#10 Henry the Shoemaker (June 9)
“Henry W. Shoemaker (1880–1958) was a prominent American folklorist, historian, diplomat, writer, publisher, and conservationist …” (Wikipedia)
Wait a minute. I think I might be off by a couple of hundred years or so here …
Not the right Henry
Sure enough, Henry the Shoemaker lived in France in the 17th Century. He helped found the Confraternity of Saints Crispin and Crispinian (the Freres Cordonniers), a lay society just for cobblers.
Interestingly, though, Henry is not a patron saint for people who make shoes. And that’s probably because he’s not a saint, but a mere Blessed. Actual patron saints include:
- Peter the Apostle
- Bartholomew the Apostle
- Theobald Roggeri
- Erhard of Regensburg
- Anianus of Alexandria
#9 Joseph the Hymnographer (Apr 3)
Geez, I don’t even know what a hymnographer is.
Peace out, dude!
Luckily, though, Wiktionary is here to help us out:
Noun (plural hymnographers), 1) A writer whose subject is hymns. 2) A person who composes hymns.
Wikipedia calls him a “liturgical poet,” and notes that he was known as “the sweet-voiced nightingale of the Church.” Their article on him also uses the following really funny words:
#8 Francisca de Paula de Jesus Isabel (June 14)
… that Jack built.
Oddly, this lady with the long name was much better known by the extremely short Nha Chica, which basically means “Aunt Francie.” She lived in Brazil, in the 19th Century. Poor and illiterate, she lived like a hermit but also helped build a church in the mining town of Baependi. She’s another Blessed, attaining that status only in 2013. I’m afraid there’s not a lot on her out there.

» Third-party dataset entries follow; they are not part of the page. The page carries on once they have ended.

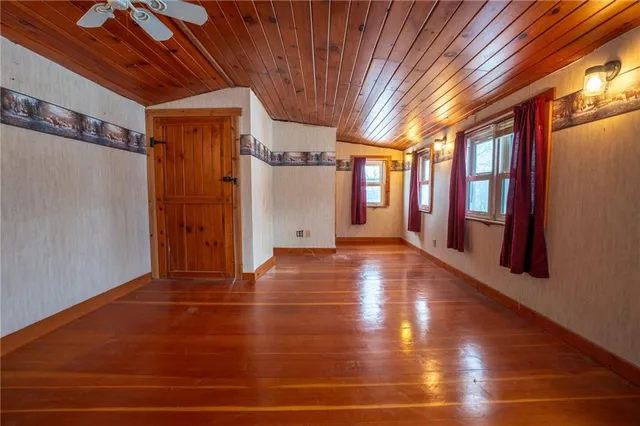 $170,000 | 111 North Franklin Street, Gallatin, MO 64640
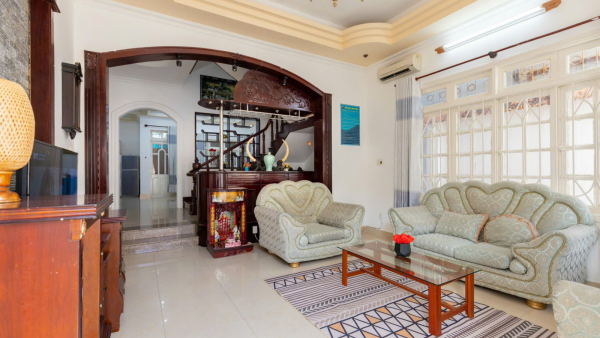 Nhà Phố Hồ Bơi Sân Vườn Vũng Tàu Bãi Sau - 11E Lạc Long Quân - VT0609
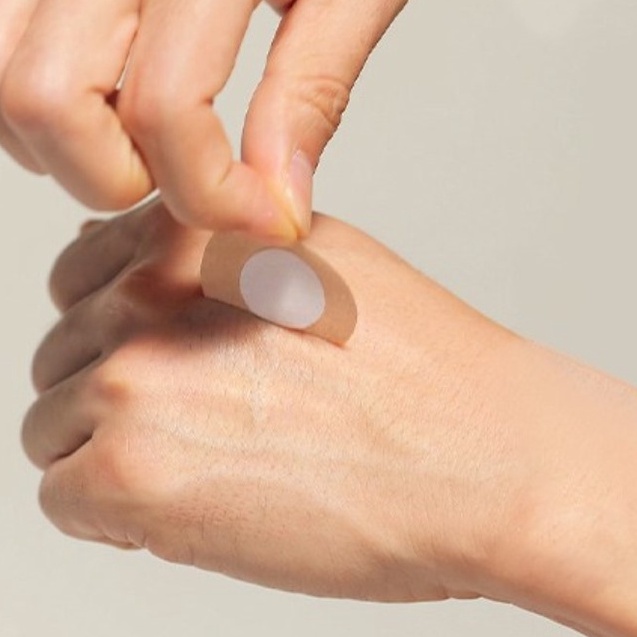 Miếng dán che đầu ngực dành cho nam Glammoment For Men Skin Fit Cover Patch Nipple Band hộp 60 miếng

Though she is often portrayed with an umbrella, for some reason
#7 Theopista (June 14)
Now, a lot’s going to depend on what syllable gets the emphasis for this one. I’m assuming it’s the second, but the third would sure sound funnier.
Theopista was a Roman matron who was martyred with her family in the 3rd Century. And that’s about all we know about her.

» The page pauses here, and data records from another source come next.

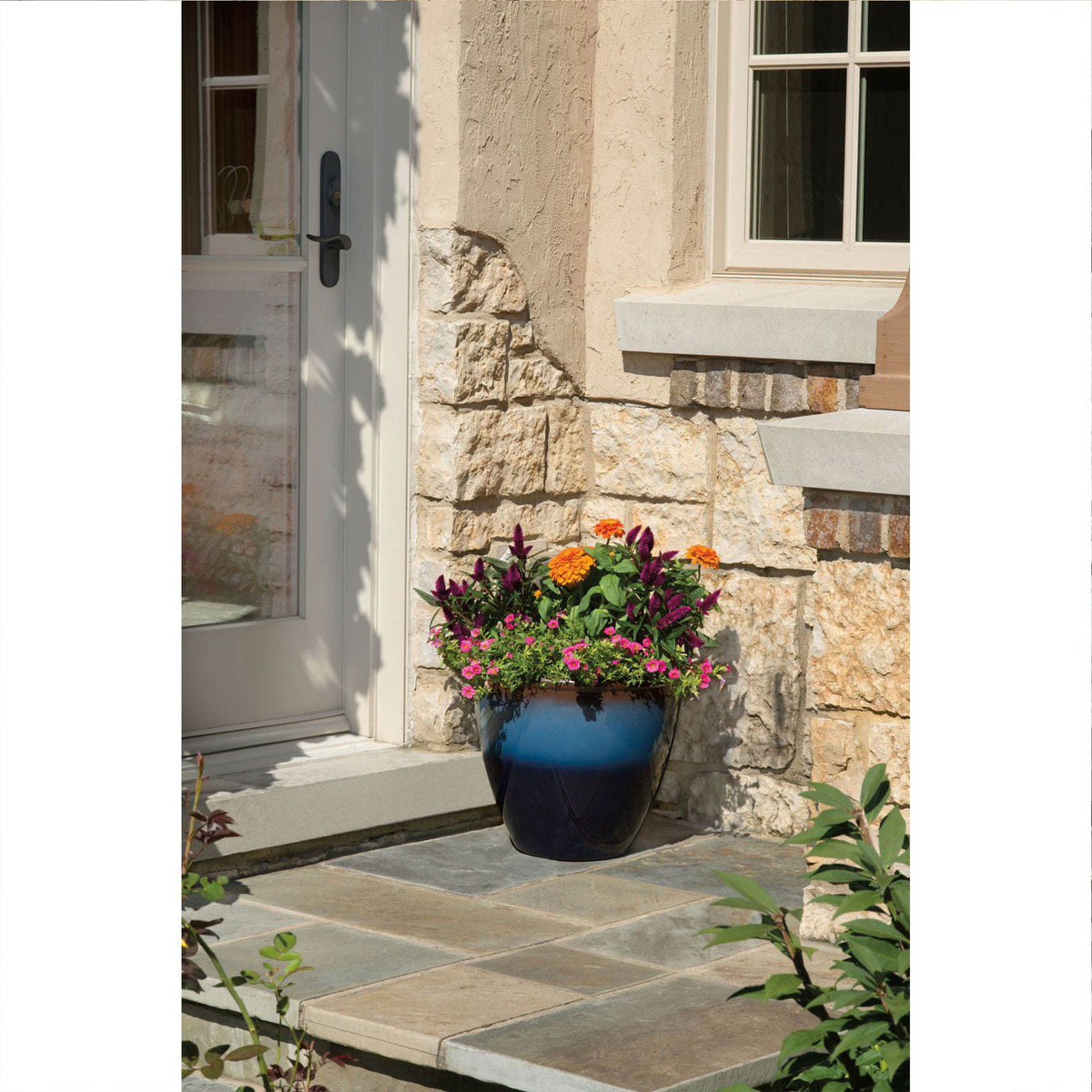 Suncast Seneca 16 Inch Ombre Decorative Planter, Blue and Brown (Used)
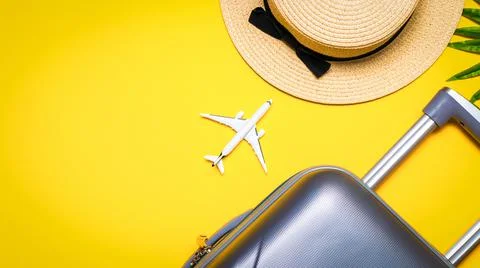 Summer pattern background. Suitcase, sunglasses with palm leaves and straw ha 스톡 사진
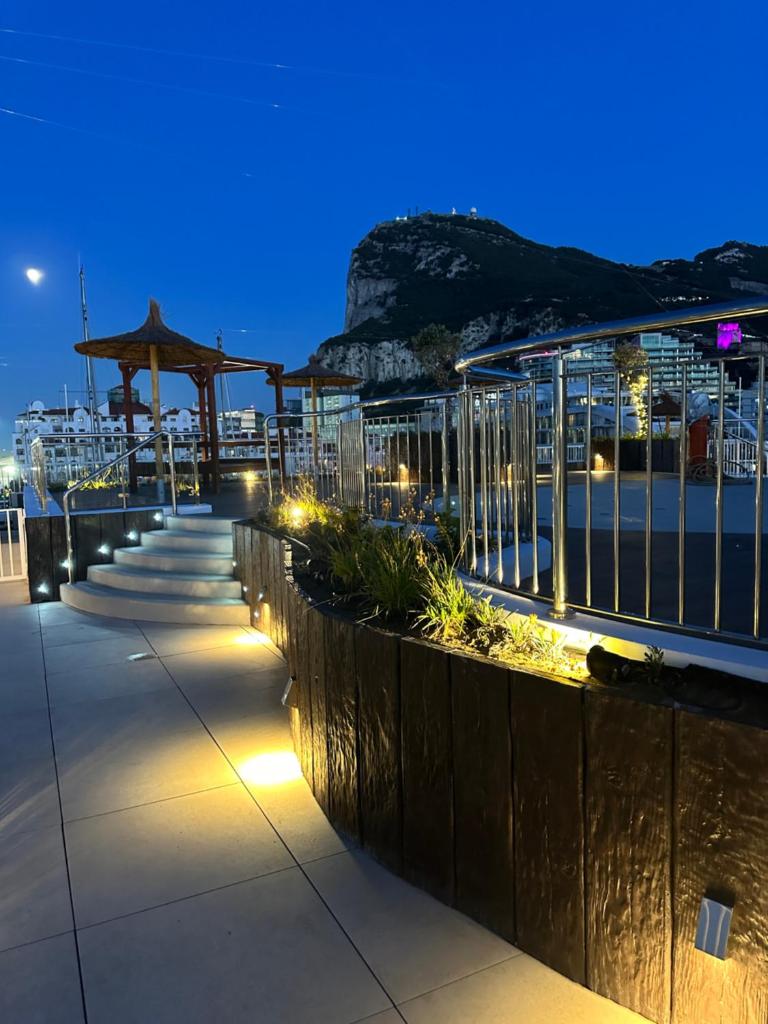 Marina Club - Luxury Apartment in Ocean Village with Parking photo 2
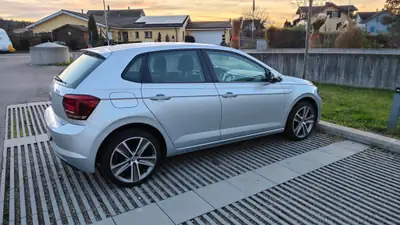 VW Polo 1.0 TSI — Citadine dynamique, seulement 38 000 km, sans accident — côté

#6 Odulf of Utrecht (June 12)
Continuing our theme of obscurity, I had to translate several pages from the German to find out much of anything about this guy. I did learn that he was Dutch and a Benedictine, and lived in the 9th Century. A missionary, he was known as the “Apostle of the Frisians.”
Kind of a boring picture too, I know
It does sound, though, like his relics at least might have had some interesting times. Originally deposited in a church in Friesland (a bunch of islands off the coast of northwest Germany), they were later stolen by some Viking pirates. Sold to an English bishop, they were deposited in an English abbey, from which another abbot tried – unsuccessfully – to steal them away
#5 Severinus of Septempeda (June 8)
Go ahead, say it three times fast.
Severinus is actually one of a pair of saintly brothers. Interestingly, though, his brother is known as Victorinus of Camerino. Here, let me explain …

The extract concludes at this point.